▸ EXERCISE DIRECTIONS
Transcribe the entries below exactly from their first line through the line containing "70x Glossy Purple", and let no picture into the copy.

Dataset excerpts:
━━━━━━━━━━━━━━━━━━━━

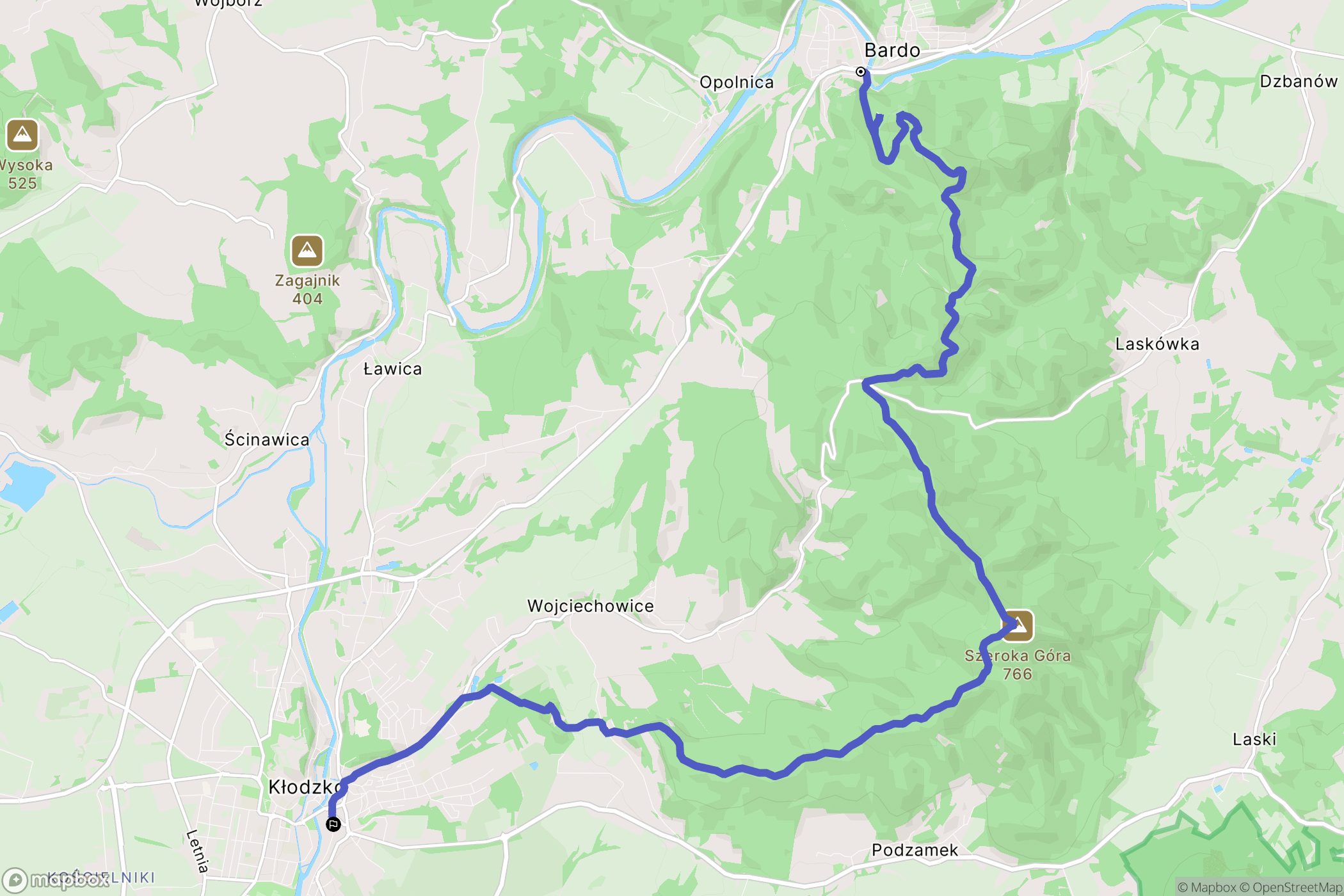 Bardo: mapa trasy - Poland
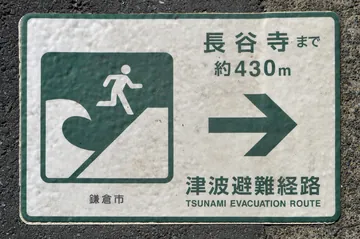 道路に描かれた津波避難経路の案内（神奈川県鎌倉市）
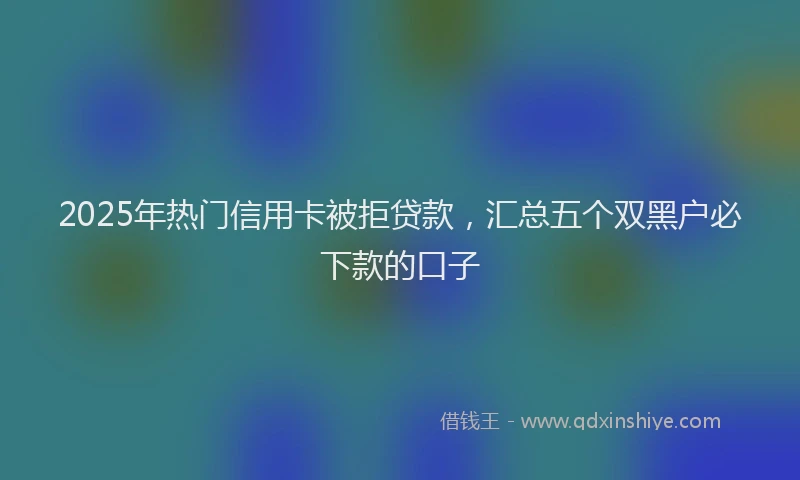 2025年热门信用卡被拒贷款，汇总五个双黑户必下款的口子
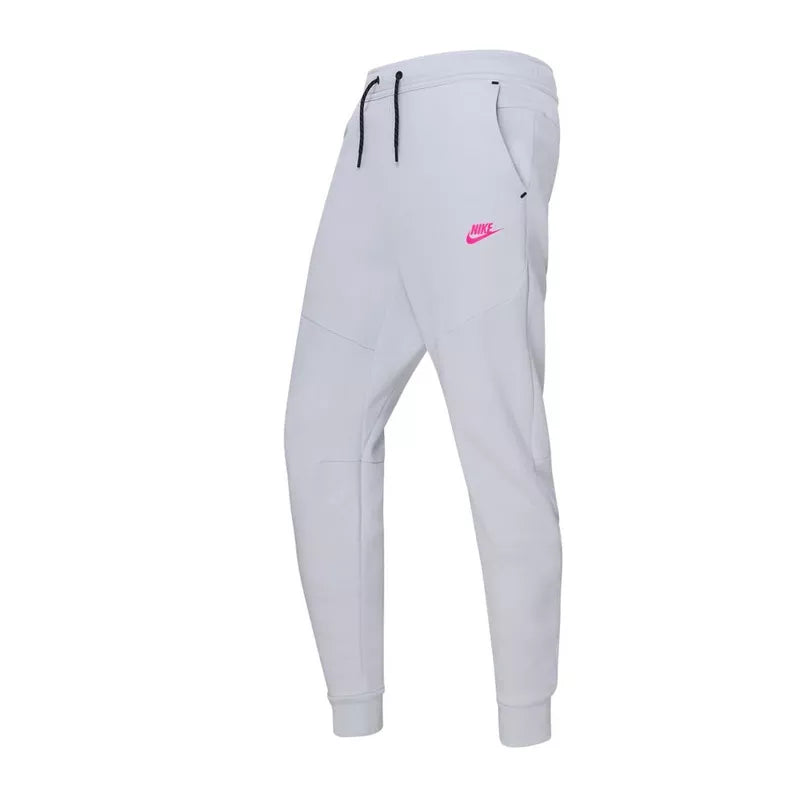 Tech Fleece Tracksuit Bottoms - Grey and White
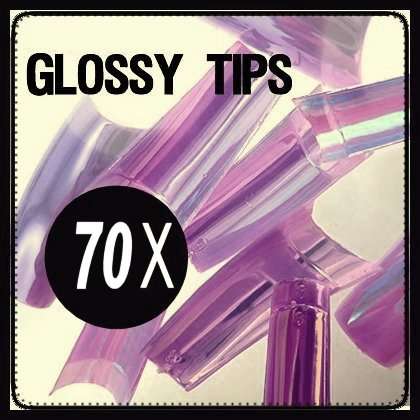 70x Glossy Purple Pearl Gel Acrylic French Nails Tips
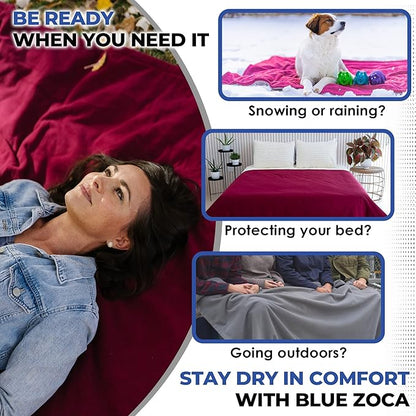 Waterproof Blanket | Machine Washable Dog Bed Cover | Water Proof Blanket to Protect Your Bed Couch Car from Leaks Spills & Accidents | for Adults Dogs & Pets | Oversized Queen Fit - 65x80in (Merlot)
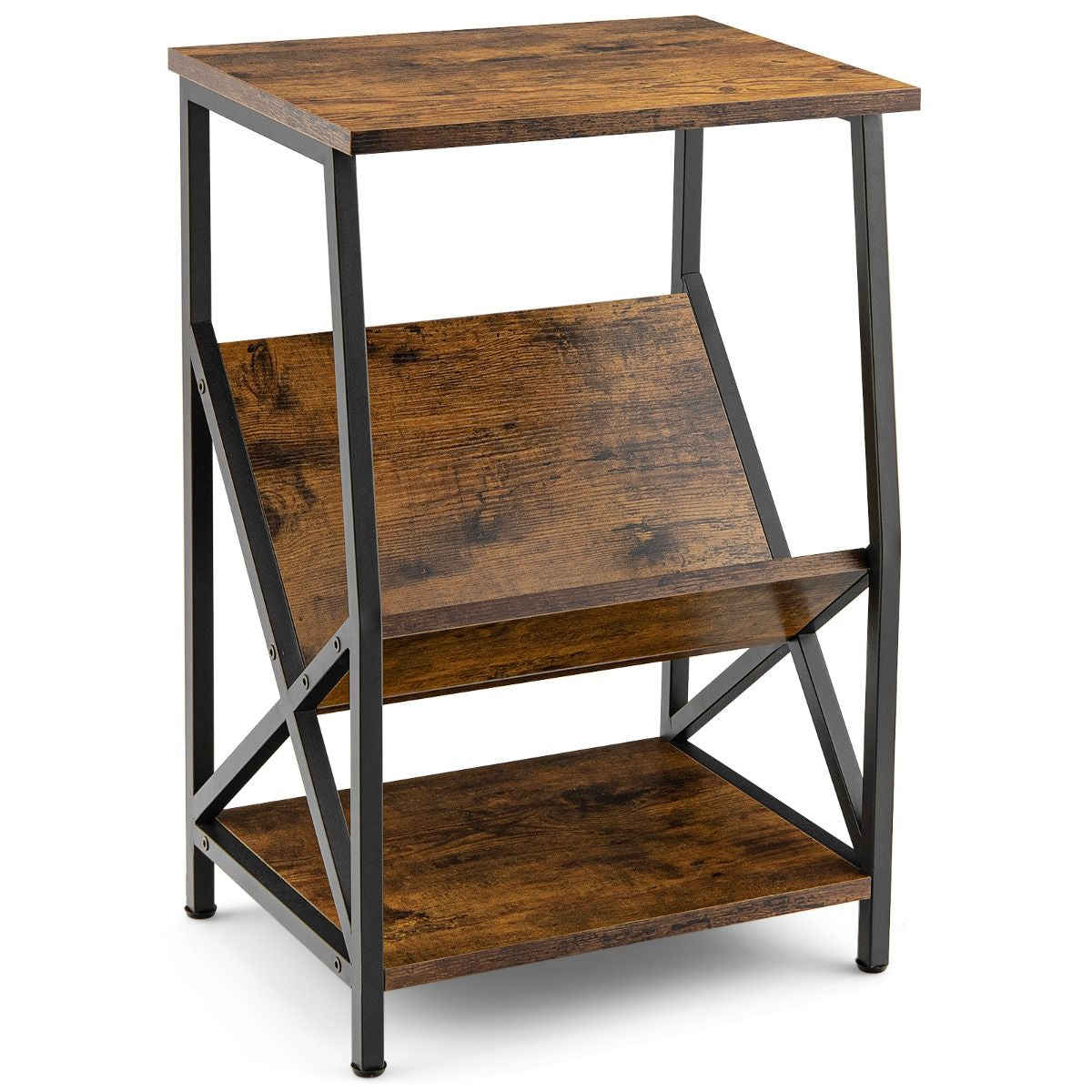 Table d'Appoint Industriel à 3 Niveaux Cadre en Métal 40 x 30 x 61 CM avec Étagère Ouverte pour Bureau Chambre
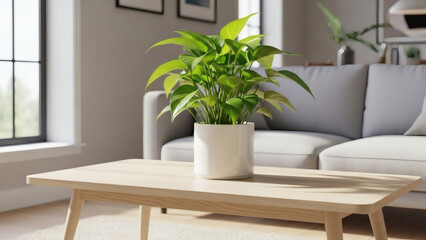 Lush green houseplant in a white pot adorns a light wood coffee table in a bright minimalist living room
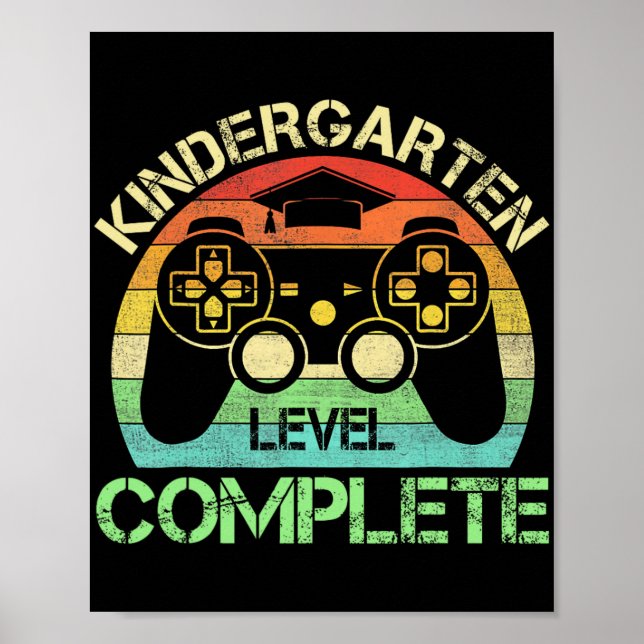Level Complete Gaming Boy Last Day Of School  Poster (Front)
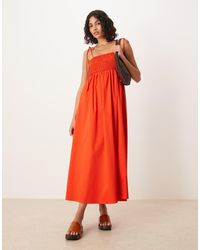 ASOS - Shir Bust Cotton Poplin Midi Dress - Lyst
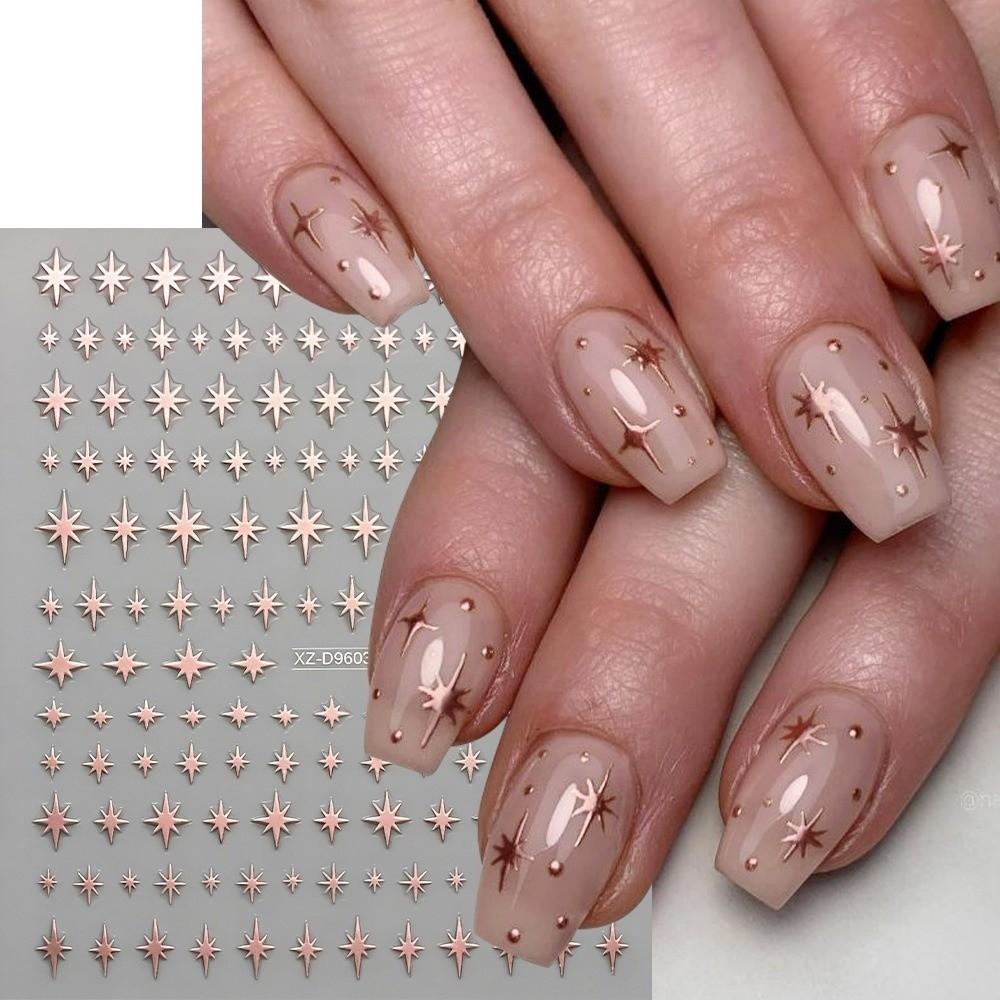 6Pcs Y2K Irregular Star Manicure Decals Gold Silver Color Letters Nail Decorations Nail Supplies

━━━━━━━━━━━━━━━━━━━━

▸ TASK RESULT
 Bardo: mapa trasy - Poland
 道路に描かれた津波避難経路の案内（神奈川県鎌倉市）
 2025年热门信用卡被拒贷款，汇总五个双黑户必下款的口子
 Tech Fleece Tracksuit Bottoms - Grey and White
 70x Glossy Purple Pearl Gel Acrylic French Nails Tips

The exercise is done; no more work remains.